In other areas under Taliban control, education has been allowed for girls only until the fourth grade.
Arefa Navid, head of the Independent Human Rights Commission office in the northern province of Badakhshan, says the Taliban has warned women not to work outside their homes.
“The Taliban has told working women across Badakhshan that they cannot go to their offices under any condition,” Navid says.
Habiba Danesh, a parliamentarian from the northern province of Takhar, says the Taliban is also forcing single or widowed women there to marry its fighters. Similar unconfirmed reports have emerged from other provinces under the Islamists' control.
‘People Are Worried’
Meanwhile, a male resident of the Balkh district of northern Balkh Province says the Taliban has banned men from trimming or shaving their beards.

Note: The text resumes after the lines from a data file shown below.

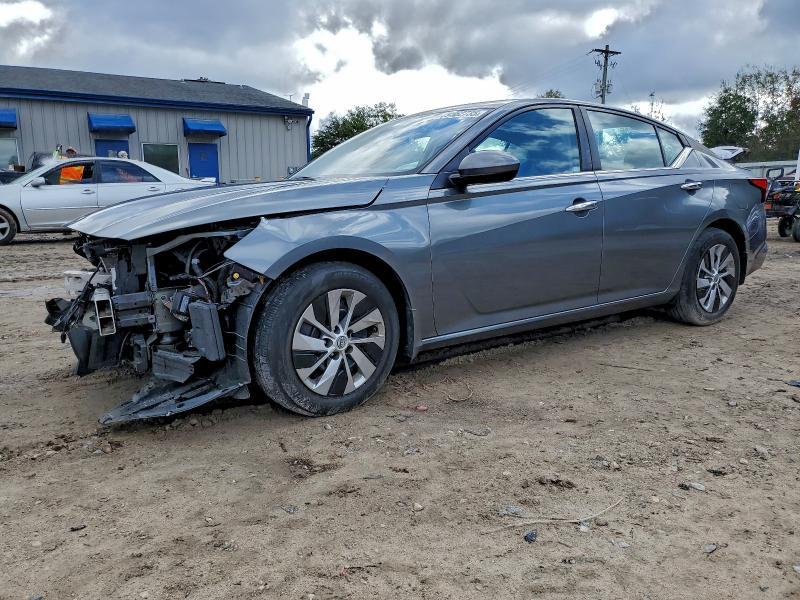 2023 Nissan Altima s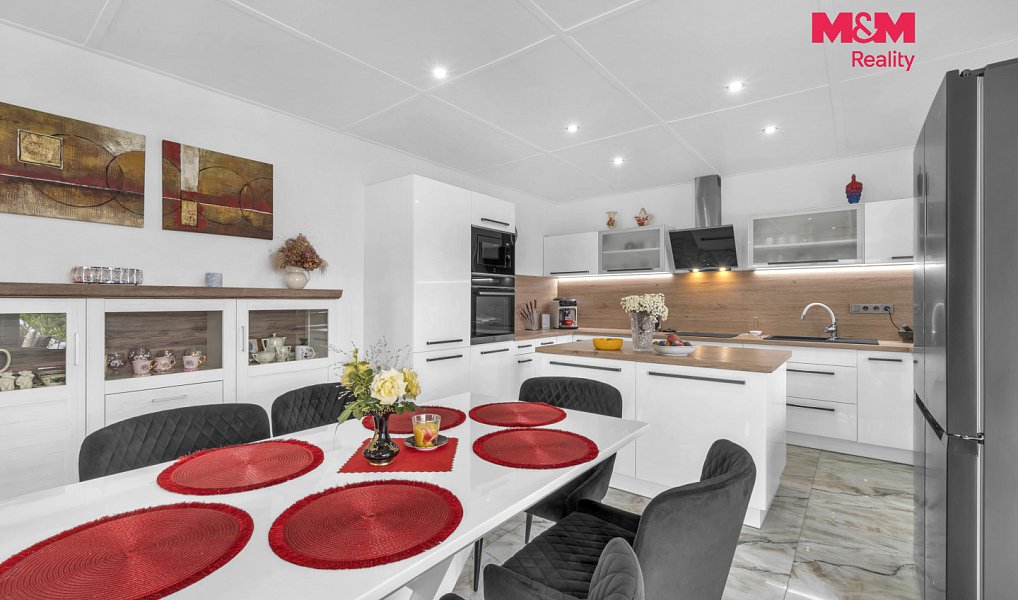 Prodej domu 175 m² s pozemkem 1 733 m², Kněžmost – náhled fotky 4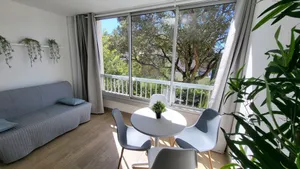 Image of Appartement de 50 m2 cosy et moderne à 100 m de la plage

Barbers have been threatened with punishment if they flaunt the new rules, he says, speaking on condition of anonymity for fear of reprisal by the Taliban.
SEE ALSO: Fear Of All-Out War As Afghan Civilians Take Up Arms Against TalibanMen, he says, have also been forced to pray five times a day.
Listening to music and watching television have also been barred in some areas, much like they were during the Taliban’s rule a quarter of a century ago.
“The Taliban has imposed many restrictions on people,” he says. “People are worried.”
Another resident says the militant group has ordered people to feed their fighters three times a day despite the desperate poverty in the area.
“They are forcing people to prepare food for them and offer them a place to sleep,” says the resident.
Human Rights Watch has also accused Taliban militants of forcibly displacing residents and burning their homes in apparent retaliation for cooperating with the Afghan government.
“The Taliban’s retaliatory attacks against civilians deemed to have supported the government are an ominous warning about the risk of future atrocities,” said Patricia Gossman, associate Asia director at Human Rights Watch.
Taliban Denials
The Taliban rejects charges that it is mistreating locals and imposing harsh new policies in the areas it recently seized.
“Currently there is a state of war and everything will remain the same [as it was under Afghan government control],” Taliban spokesman Zabihullah Mujahid told RFE/RL. “But once the laws are made the people will have to act according to the law.”
The Taliban claims it is not the same brutal group that first ruled Afghanistan in the 1990s, when its regime was an international pariah notorious for oppressing women and massacring ethnic and religious minorities.
In recent years, the Taliban has said it is committed to granting women their rights and allowing them to work and go to school if they do not violate Islamic or Afghan values. But it also suggested it wants to curtail the recent freedoms gained by women that it said promote “immorality” and “indecency.”
The Taliban’s adherence to ultraconservative Islam and the Pashtun tribal code has struck a chord with some currently living under the group’s thumb, especially in Afghanistan’s Pashtun-dominated rural south and east, which have borne the brunt of the war and where life has improved little in the past 20 years.
But those ideas are largely alien in the north and the major urban centers in Afghanistan that have made big social, economic, and democratic gains in the past 19 years since the Taliban was ousted from power.
The Taliban’s revival of its extremist policies in rural areas has filled many women in the cities with dread.
“I’m worried that women could return to the dark days of the past when we were just housewives and banned from taking part in society, culture, politics, and even sport,” says Sanam Sadat, an activist in Faryab’s provincial capital, Maimana, which is under government control.
“What happens when the Taliban takes over the cities?” she adds. ‘What will happen to women then?”